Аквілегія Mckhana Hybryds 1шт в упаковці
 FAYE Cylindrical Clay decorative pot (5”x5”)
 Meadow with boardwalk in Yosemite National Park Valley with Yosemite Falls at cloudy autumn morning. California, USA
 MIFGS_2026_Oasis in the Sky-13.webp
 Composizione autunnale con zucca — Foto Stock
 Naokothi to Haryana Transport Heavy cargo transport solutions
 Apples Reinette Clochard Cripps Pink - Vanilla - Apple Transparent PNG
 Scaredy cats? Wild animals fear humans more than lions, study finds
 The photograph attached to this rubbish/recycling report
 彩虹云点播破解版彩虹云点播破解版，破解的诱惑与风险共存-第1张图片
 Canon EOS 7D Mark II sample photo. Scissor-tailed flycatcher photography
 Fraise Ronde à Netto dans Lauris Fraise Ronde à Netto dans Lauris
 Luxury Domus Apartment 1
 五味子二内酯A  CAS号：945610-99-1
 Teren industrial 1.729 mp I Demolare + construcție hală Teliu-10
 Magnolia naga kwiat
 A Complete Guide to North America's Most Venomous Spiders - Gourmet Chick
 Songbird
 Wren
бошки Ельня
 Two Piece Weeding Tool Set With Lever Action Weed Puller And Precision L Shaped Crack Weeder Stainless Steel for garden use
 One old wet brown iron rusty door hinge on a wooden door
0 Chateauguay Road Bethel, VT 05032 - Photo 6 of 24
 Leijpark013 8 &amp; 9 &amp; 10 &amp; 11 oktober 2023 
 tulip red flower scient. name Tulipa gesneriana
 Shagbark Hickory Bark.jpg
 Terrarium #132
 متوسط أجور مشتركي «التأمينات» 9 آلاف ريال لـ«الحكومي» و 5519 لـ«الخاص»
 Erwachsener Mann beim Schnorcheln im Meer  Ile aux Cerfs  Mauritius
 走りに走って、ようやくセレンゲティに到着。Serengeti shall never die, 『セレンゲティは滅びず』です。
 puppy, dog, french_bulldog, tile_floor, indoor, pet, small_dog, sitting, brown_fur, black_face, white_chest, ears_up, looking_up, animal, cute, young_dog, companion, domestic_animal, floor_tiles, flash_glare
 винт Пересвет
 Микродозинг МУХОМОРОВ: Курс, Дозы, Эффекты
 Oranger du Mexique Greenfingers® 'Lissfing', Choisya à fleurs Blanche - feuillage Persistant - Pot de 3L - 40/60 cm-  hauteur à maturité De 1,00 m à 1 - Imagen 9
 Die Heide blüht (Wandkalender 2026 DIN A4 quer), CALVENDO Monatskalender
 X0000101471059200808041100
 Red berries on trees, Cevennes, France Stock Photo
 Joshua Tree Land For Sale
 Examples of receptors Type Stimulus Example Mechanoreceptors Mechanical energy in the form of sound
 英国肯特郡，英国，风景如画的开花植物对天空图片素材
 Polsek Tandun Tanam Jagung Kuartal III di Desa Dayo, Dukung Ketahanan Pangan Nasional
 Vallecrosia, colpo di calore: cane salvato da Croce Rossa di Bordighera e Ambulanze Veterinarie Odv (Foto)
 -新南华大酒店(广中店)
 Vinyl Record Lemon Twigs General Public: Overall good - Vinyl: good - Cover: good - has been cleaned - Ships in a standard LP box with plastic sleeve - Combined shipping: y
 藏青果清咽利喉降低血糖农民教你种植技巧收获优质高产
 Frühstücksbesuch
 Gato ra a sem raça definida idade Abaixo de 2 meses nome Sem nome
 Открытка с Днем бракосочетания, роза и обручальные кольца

## Problem
One number is the full answer: how many lines of the records include the string "Stock".

## Result for this task
2